__About this exercise__
Give back an exact copy of the lines in the records below, from the line that has "complemento de 2" through the line that has "3.4 ERRORES DE REDONDEO 63", and nothing besides.

__Provided entries__
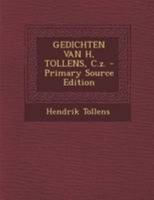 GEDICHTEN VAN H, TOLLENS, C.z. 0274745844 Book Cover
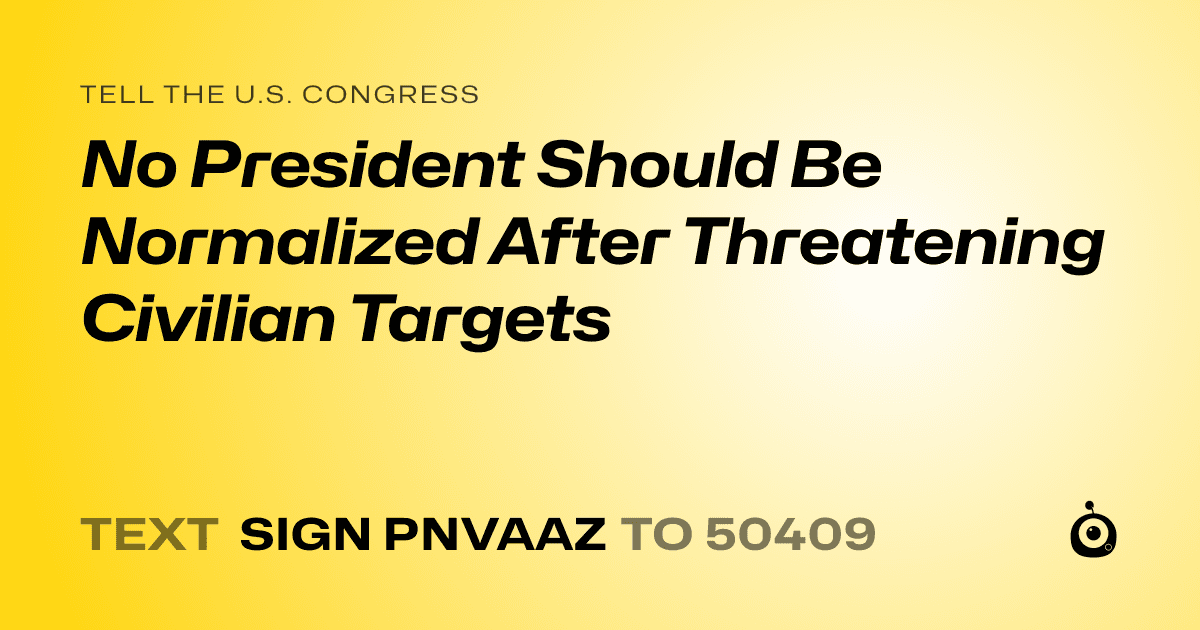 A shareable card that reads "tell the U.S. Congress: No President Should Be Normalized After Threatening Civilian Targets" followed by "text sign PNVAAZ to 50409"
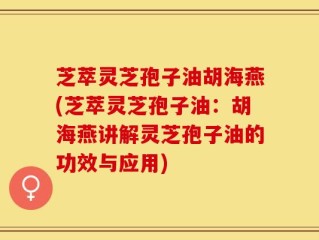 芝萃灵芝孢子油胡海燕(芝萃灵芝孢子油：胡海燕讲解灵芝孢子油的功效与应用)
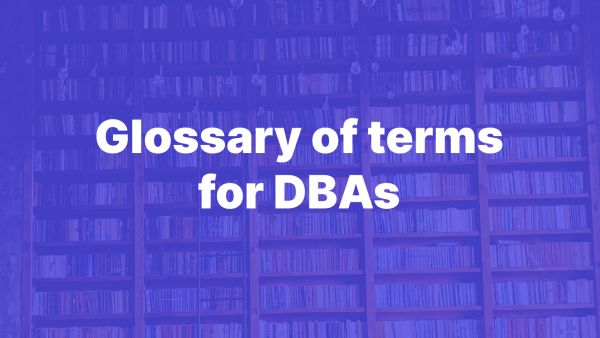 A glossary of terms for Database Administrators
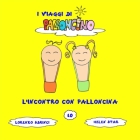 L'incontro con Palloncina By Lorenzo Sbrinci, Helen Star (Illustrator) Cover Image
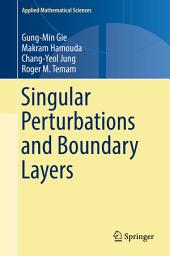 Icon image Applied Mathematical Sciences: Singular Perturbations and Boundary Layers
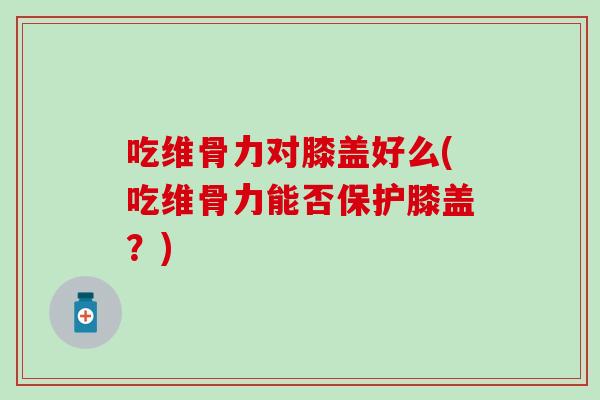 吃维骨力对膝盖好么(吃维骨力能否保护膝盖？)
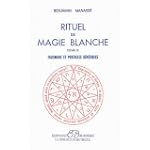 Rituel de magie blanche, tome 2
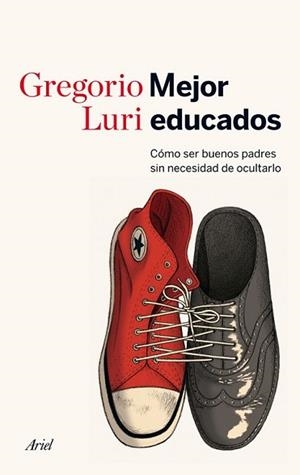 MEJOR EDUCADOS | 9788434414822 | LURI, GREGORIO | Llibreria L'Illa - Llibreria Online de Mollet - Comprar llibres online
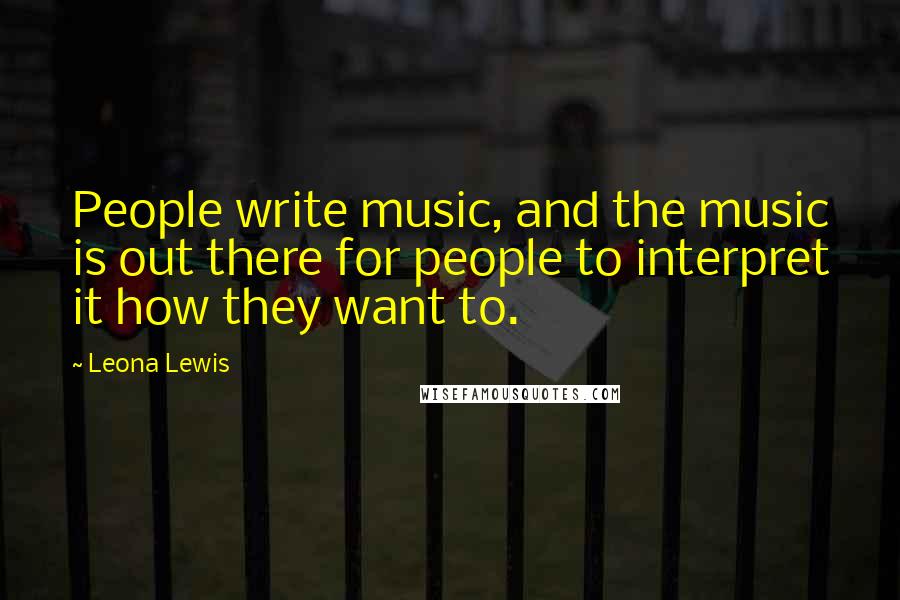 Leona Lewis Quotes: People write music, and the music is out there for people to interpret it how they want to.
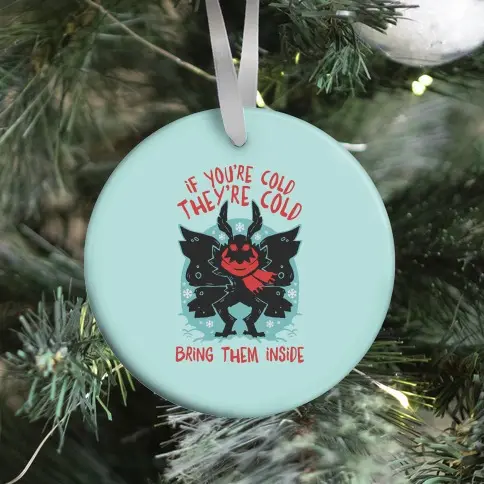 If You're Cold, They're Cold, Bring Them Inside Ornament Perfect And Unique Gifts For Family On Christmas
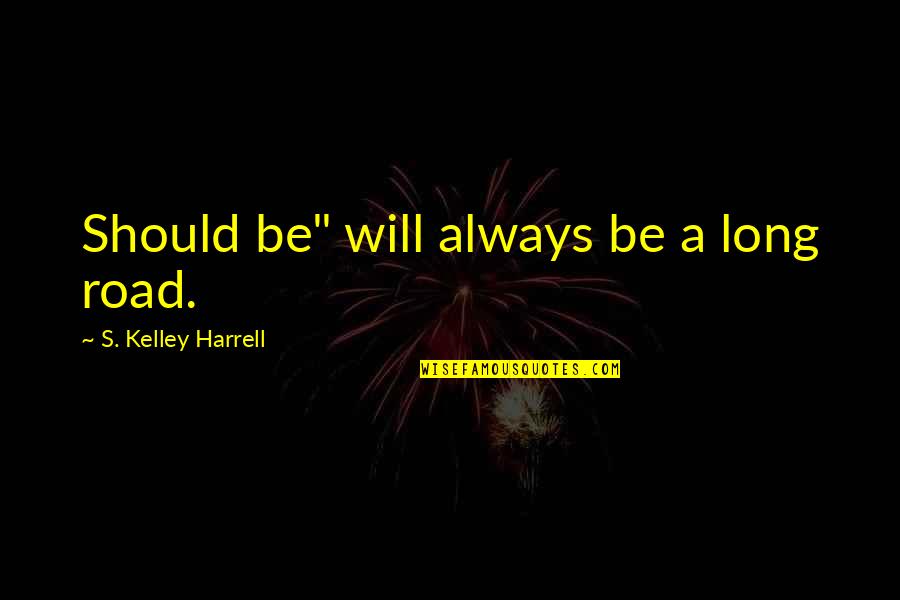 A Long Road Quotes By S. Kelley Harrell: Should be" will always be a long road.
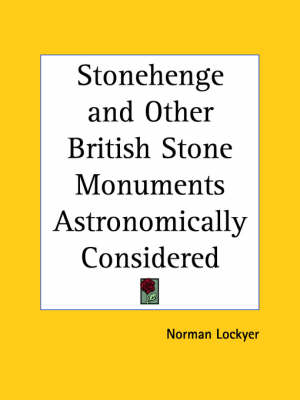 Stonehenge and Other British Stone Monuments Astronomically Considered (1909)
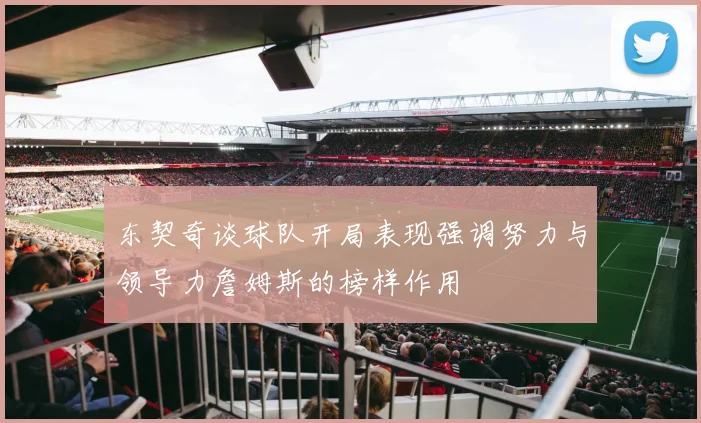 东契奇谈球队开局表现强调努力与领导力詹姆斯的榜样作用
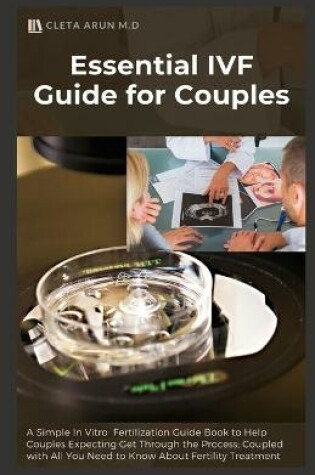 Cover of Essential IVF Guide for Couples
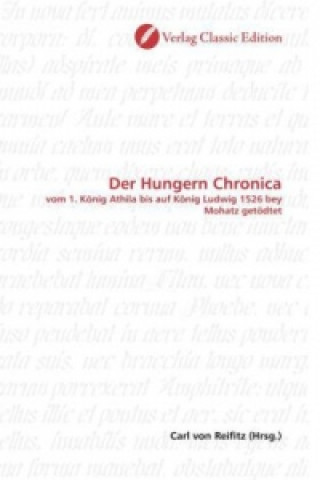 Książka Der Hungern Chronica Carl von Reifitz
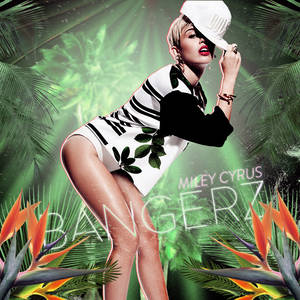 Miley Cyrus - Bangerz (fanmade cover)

* * *

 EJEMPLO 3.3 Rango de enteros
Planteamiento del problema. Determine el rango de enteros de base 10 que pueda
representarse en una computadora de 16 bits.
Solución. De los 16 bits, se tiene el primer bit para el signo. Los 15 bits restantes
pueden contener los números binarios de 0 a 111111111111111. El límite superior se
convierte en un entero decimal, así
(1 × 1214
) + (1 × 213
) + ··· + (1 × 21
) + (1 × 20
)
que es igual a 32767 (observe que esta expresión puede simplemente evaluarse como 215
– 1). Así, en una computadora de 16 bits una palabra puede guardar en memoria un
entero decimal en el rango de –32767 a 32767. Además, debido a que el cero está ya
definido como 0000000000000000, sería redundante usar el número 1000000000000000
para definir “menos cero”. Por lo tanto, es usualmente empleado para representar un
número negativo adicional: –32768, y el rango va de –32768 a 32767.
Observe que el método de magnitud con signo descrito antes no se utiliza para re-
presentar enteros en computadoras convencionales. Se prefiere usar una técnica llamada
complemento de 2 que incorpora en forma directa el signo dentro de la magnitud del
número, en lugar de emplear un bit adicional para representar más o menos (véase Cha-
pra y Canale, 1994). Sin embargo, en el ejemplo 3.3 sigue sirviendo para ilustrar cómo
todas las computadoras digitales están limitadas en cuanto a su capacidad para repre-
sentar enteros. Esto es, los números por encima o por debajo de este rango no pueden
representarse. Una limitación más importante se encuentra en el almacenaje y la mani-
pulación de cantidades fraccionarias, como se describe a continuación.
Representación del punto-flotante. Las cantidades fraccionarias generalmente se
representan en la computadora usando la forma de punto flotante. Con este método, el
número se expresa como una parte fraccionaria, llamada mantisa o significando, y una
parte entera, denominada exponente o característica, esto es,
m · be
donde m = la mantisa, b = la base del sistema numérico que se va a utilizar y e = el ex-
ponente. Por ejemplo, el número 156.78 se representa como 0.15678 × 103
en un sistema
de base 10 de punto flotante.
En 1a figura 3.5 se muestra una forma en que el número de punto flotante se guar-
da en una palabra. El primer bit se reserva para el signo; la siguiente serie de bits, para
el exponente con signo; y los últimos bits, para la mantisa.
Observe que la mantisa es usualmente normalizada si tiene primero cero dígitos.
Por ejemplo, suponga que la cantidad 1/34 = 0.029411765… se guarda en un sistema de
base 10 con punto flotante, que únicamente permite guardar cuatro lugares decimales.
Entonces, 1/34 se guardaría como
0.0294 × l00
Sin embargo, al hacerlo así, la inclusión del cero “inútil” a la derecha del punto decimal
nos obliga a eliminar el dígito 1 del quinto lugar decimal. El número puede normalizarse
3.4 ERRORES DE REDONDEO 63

__Solution__
complemento de 2 que incorpora en forma directa el signo dentro de la magnitud del
número, en lugar de emplear un bit adicional para representar más o menos (véase Cha-
pra y Canale, 1994). Sin embargo, en el ejemplo 3.3 sigue sirviendo para ilustrar cómo
todas las computadoras digitales están limitadas en cuanto a su capacidad para repre-
sentar enteros. Esto es, los números por encima o por debajo de este rango no pueden
representarse. Una limitación más importante se encuentra en el almacenaje y la mani-
pulación de cantidades fraccionarias, como se describe a continuación.
Representación del punto-flotante. Las cantidades fraccionarias generalmente se
representan en la computadora usando la forma de punto flotante. Con este método, el
número se expresa como una parte fraccionaria, llamada mantisa o significando, y una
parte entera, denominada exponente o característica, esto es,
m · be
donde m = la mantisa, b = la base del sistema numérico que se va a utilizar y e = el ex-
ponente. Por ejemplo, el número 156.78 se representa como 0.15678 × 103
en un sistema
de base 10 de punto flotante.
En 1a figura 3.5 se muestra una forma en que el número de punto flotante se guar-
da en una palabra. El primer bit se reserva para el signo; la siguiente serie de bits, para
el exponente con signo; y los últimos bits, para la mantisa.
Observe que la mantisa es usualmente normalizada si tiene primero cero dígitos.
Por ejemplo, suponga que la cantidad 1/34 = 0.029411765… se guarda en un sistema de
base 10 con punto flotante, que únicamente permite guardar cuatro lugares decimales.
Entonces, 1/34 se guardaría como
0.0294 × l00
Sin embargo, al hacerlo así, la inclusión del cero “inútil” a la derecha del punto decimal
nos obliga a eliminar el dígito 1 del quinto lugar decimal. El número puede normalizarse
3.4 ERRORES DE REDONDEO 63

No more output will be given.